• Data for analysis
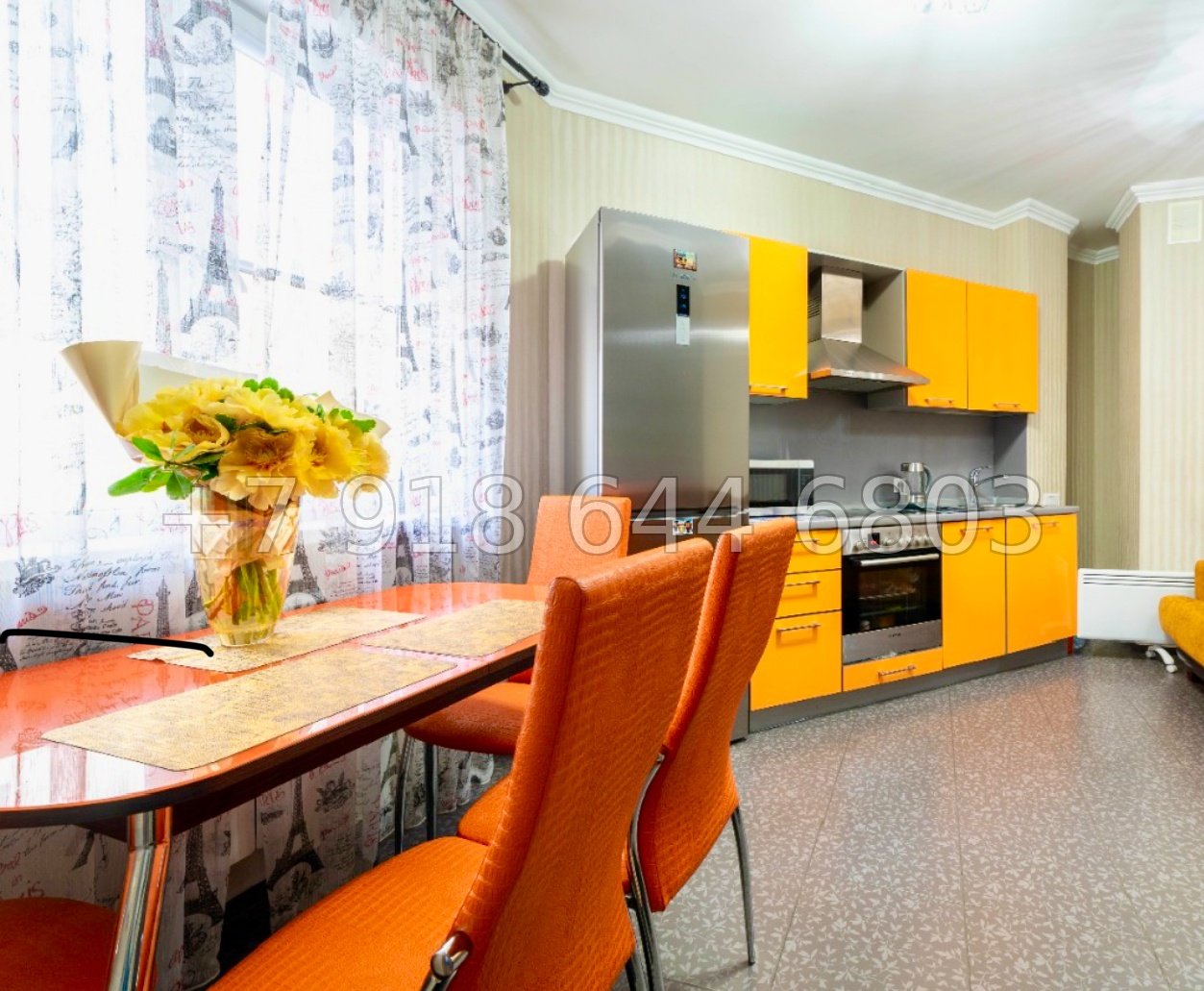 № 14р. Квартира у парка Ривьера в центре города Сочи  - миниатюра 1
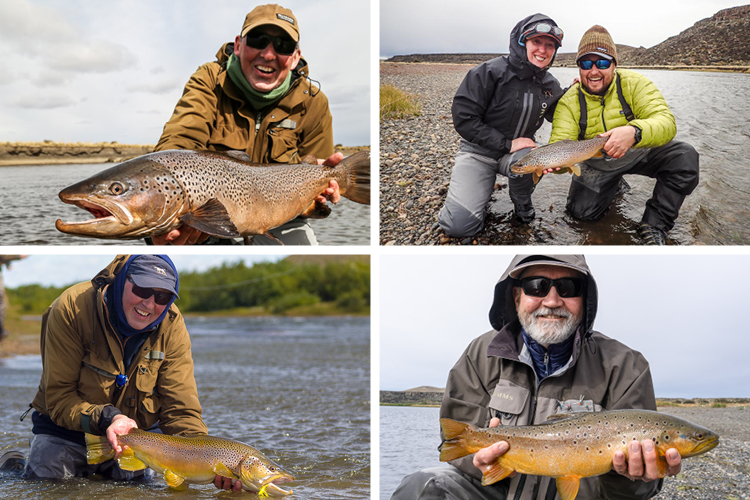 Using dry flies to catch trout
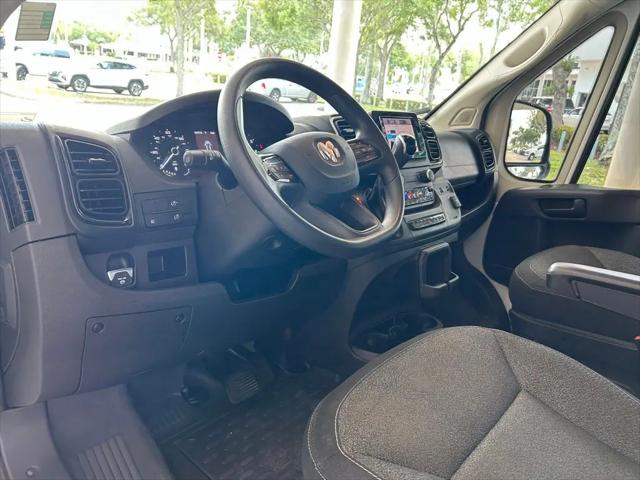 2022 Ram ProMaster 2500 Window Van High Roof 159" WB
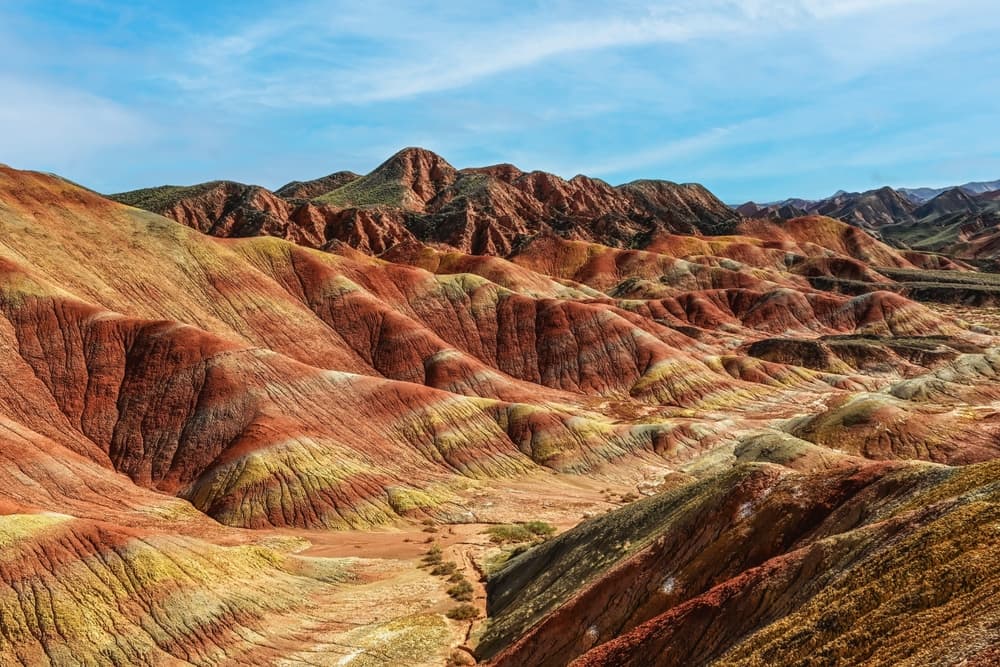 Zhangye Red Stone Forest (Danxia)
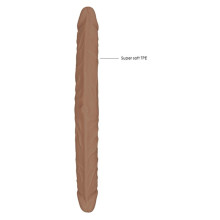 Double Dong Flexible Realrock Moreno 18"
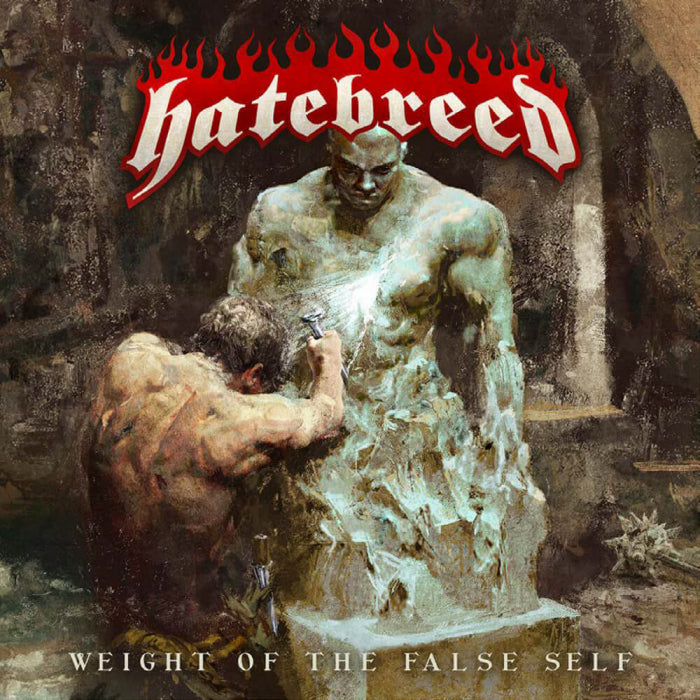 Hatebreed - Weight Of The False Self / White Vinyl LP / Strictly Limited Edition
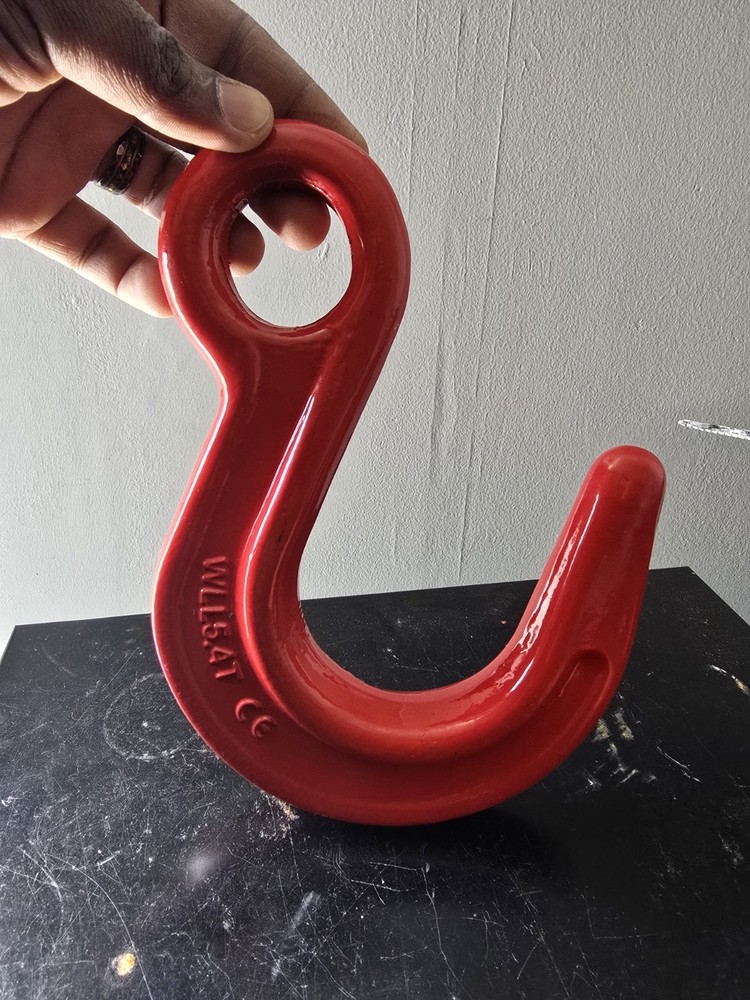 3/4" Eye Foundry Hook CM WLL5.4T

• Instructions for the task
Output only the lines that run from the line containing "Using dry flies to catch trout" to the last line of the data, exactly as they stand and without pictures.

• Written answer
 Using dry flies to catch trout
 2022 Ram ProMaster 2500 Window Van High Roof 159" WB
 Zhangye Red Stone Forest (Danxia)
 Double Dong Flexible Realrock Moreno 18"
 Hatebreed - Weight Of The False Self / White Vinyl LP / Strictly Limited Edition
 3/4" Eye Foundry Hook CM WLL5.4T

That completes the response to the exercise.